Sunday, 9 November 2014

Welcome- a little about me

Before I start I will answer the most common question I am asked on a daily basis- Why do you do this for free. Simple answer because I can and it makes me feel good. If I can make just one persons journey thru the debt minefield a little easier then that will be a huge win for me. 

Hello my name is Nigel. First and foremost I would like to state that I have no experience with blogging,telling stories or giving advice. What you see is what I am. Please feel free to offer me advice and even criticise if you wish. I will not tolerate abuse or trolls if you want to do this bugger off and start your own blog thing. 

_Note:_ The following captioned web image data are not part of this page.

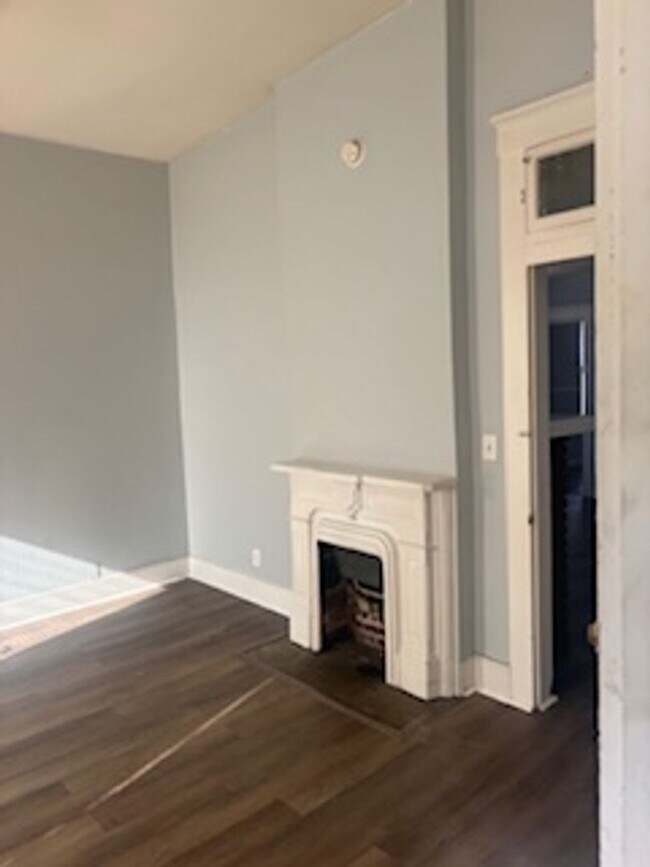 Building Photo - Spacious 3 Bedroom in the heart of Clifton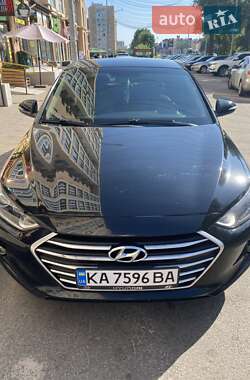 Седан Hyundai Elantra 2017 в Киеве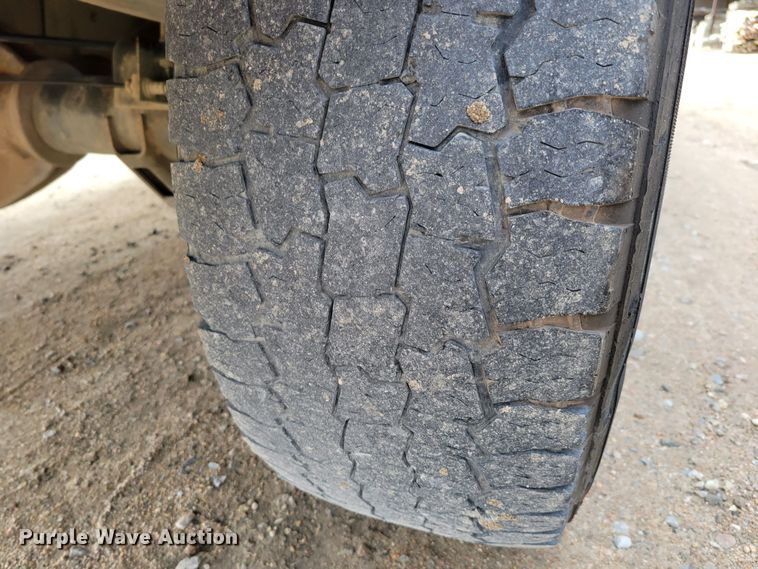 image for item DM8228 2012  Chevrolet Silverado 3500HD  Crew Cab pickup truck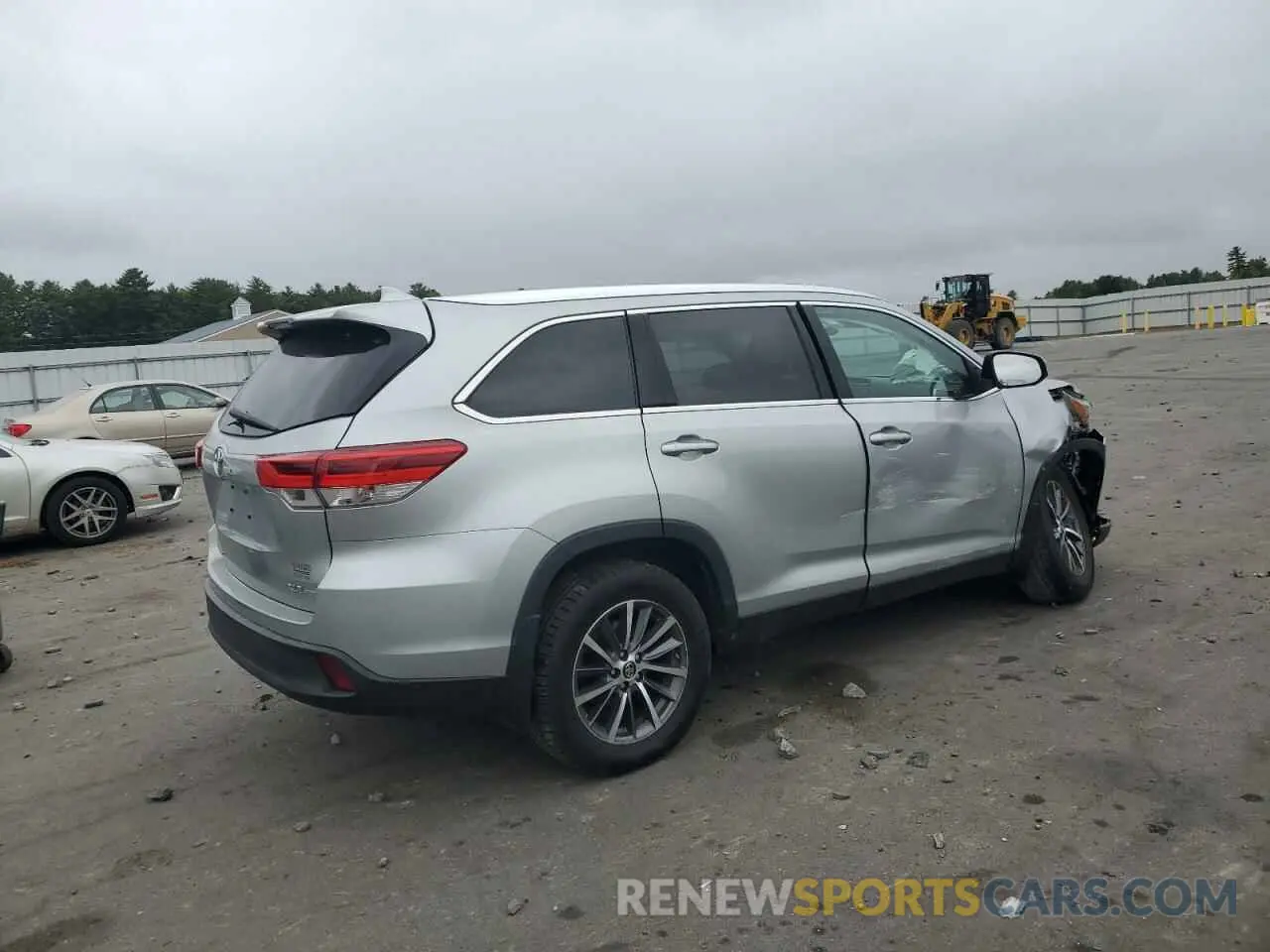 3 fotografías del automóvil dañado 5TDJZRFH1KS719169 TOYOTA HIGHLANDER 2019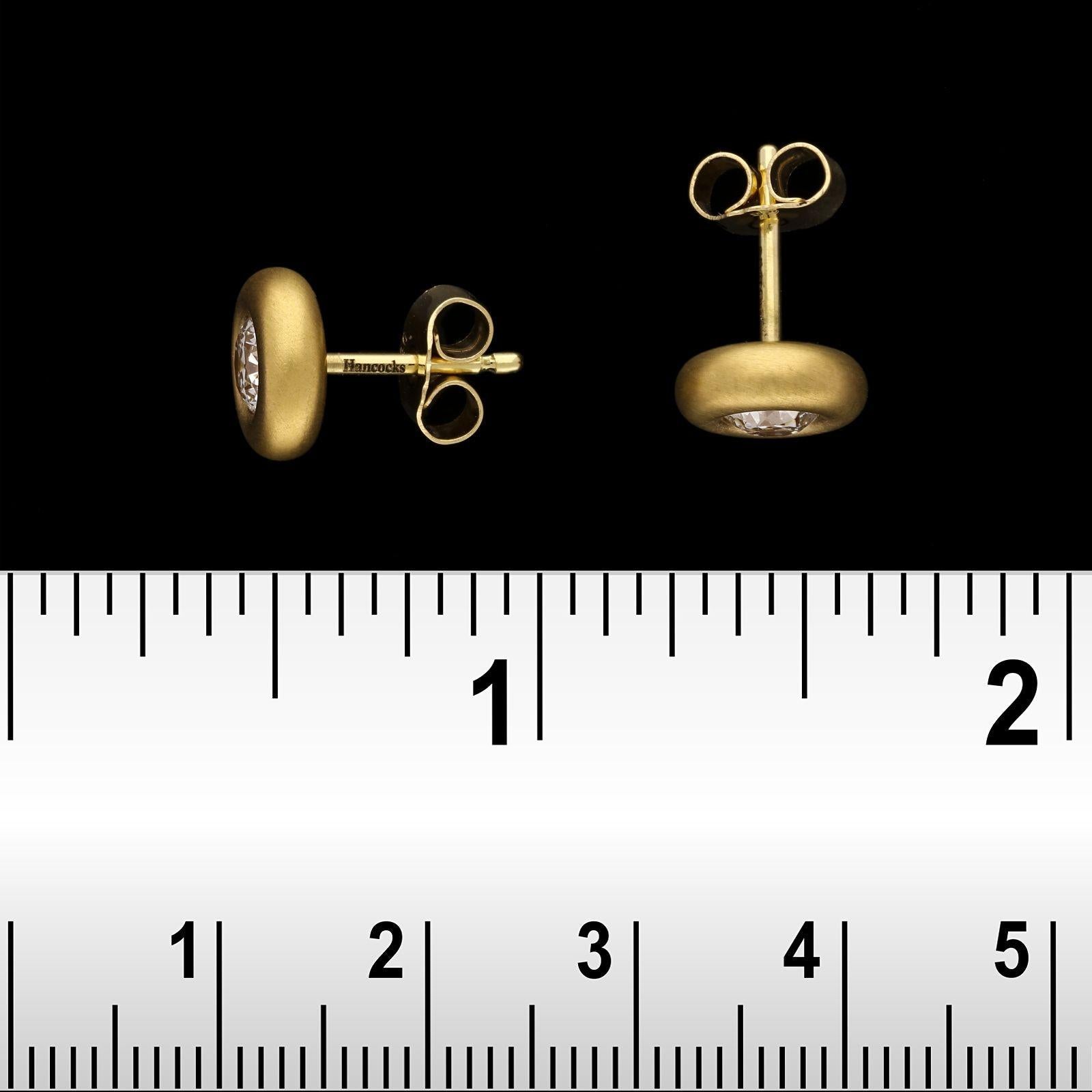 22ct gold earring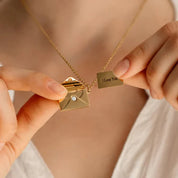 Love Chain ketting – personaliseerbare briefketting in zilver, goud & rosé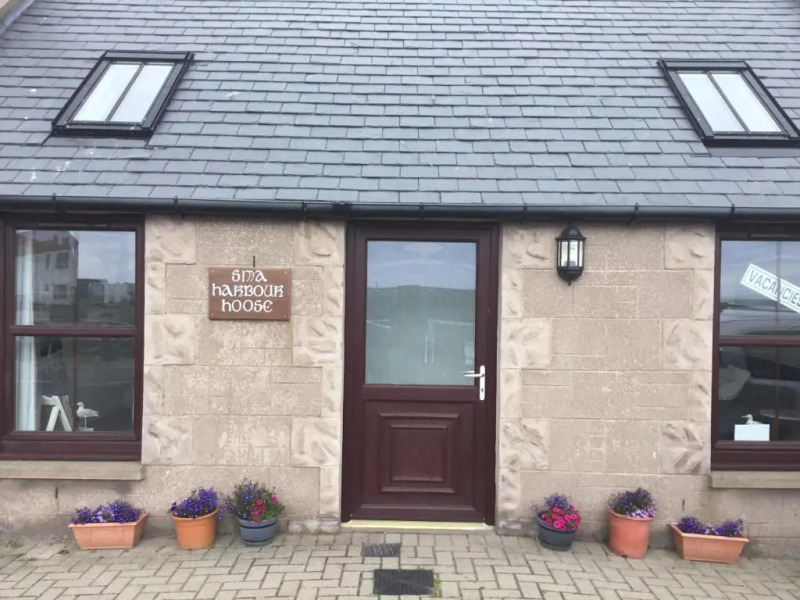 Sma Harbour Hoose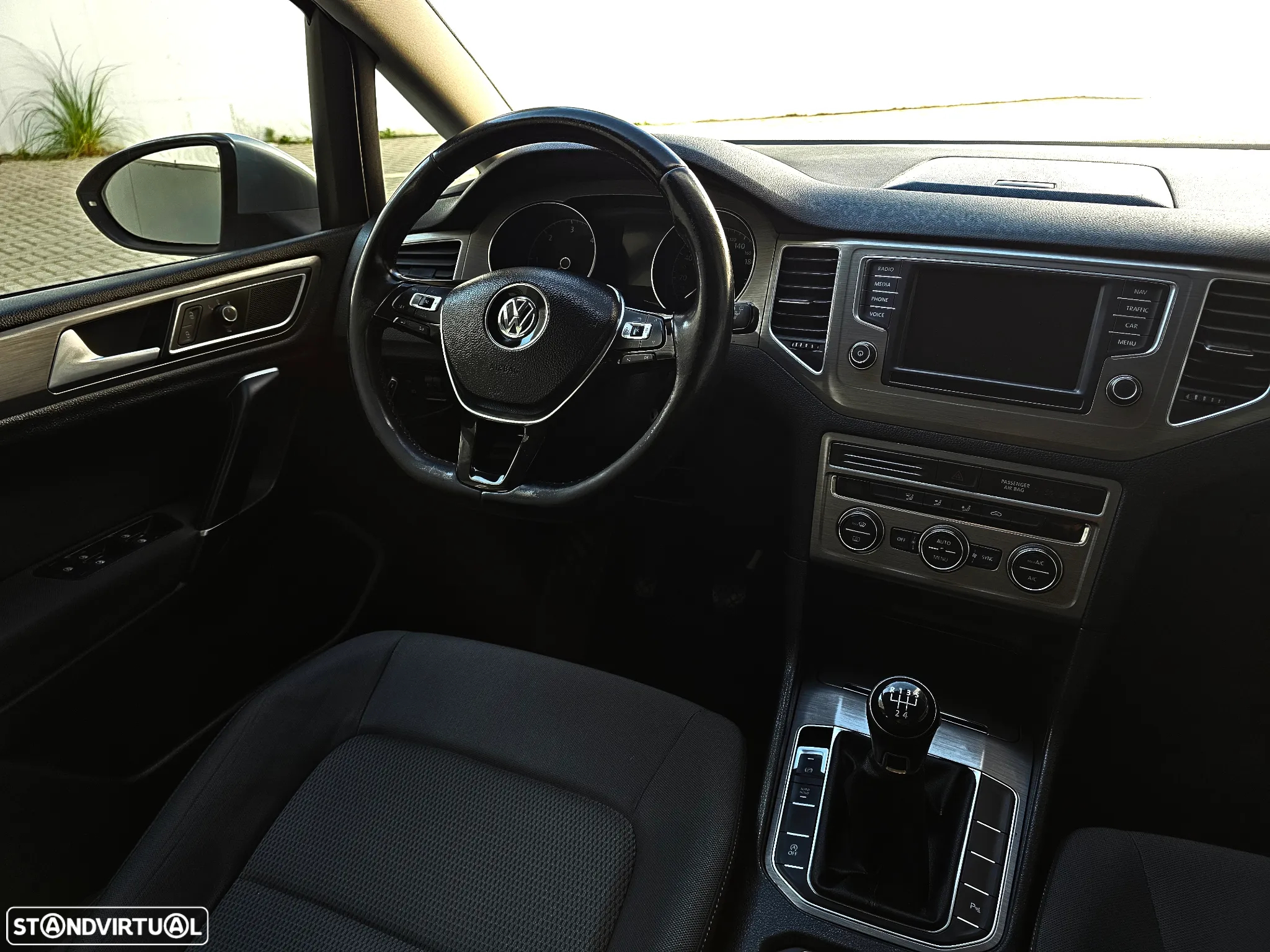 VW Golf 1.6 TDI Highline - 40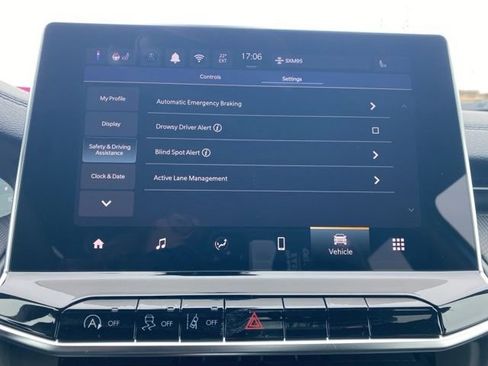 New 2026 Jeep Compass Latitude image 37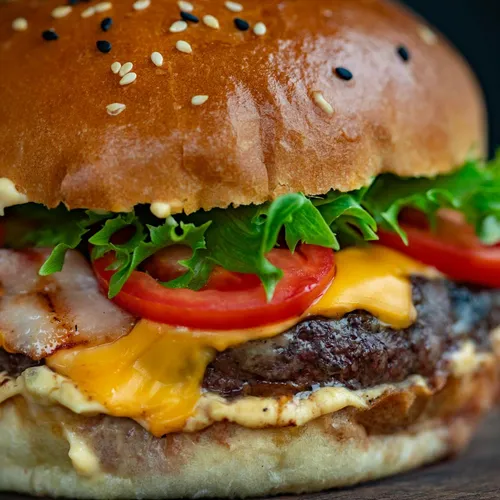 Burger au bacon et aux deux fromages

Up to a few years ago I ran a highly successful business with a multi million dollar turnover. My family wanted for nothing and things were great- or so it seemed. I was so busy working within the business I failed to have a good look from the outside. Some not so clever decisions and an "it will be ok" attitude really did not help. Add to this an accountant who loved money( in his pocket) and a solicitor who had no real idea and I was really in trouble. The worst part of the whole deal was not letting my partner in on the dark reality that we were going broke.

I suffered at the hands of every scam and ripoff known trying to get back on top of things. The we will fix it for you buddy genius types saw me coming. By the time I finally admitted to myself it was too late I had lost everything. I was so broke I had to borrow money from my elderly parents to fuel the old bomb. Unlike some rich folk who hide behind companies and move money around for use later I had nothing no family, yes they ditched me also, no home - living with my parents at age 50+ was not good.

I had two choices.
The first was curl up in the corner and hide from the reality of what had happened- which I did for the first six months or so of my bankruptcy. I was too afraid to step outside in case someone saw me- I was so afraid that one of the people to whom I owed money was waiting around the corner. My life was a living hell. I had nothing no money no family no friends not a thing.
Option two was get a job and start to live again. Everyone makes mistakes. I did get a job and also started to see a doctor and psychologist to help with my fear of the public. Slowly but surely I also started to speak to my family about what had happened. My wife is a wonderful person and does understand why I tried to hide what had happened BUT I can still see the hurt in her eyes when we talk about it. It has taken over 5 years but we are back together - even the kids have finally started to admit they have a father.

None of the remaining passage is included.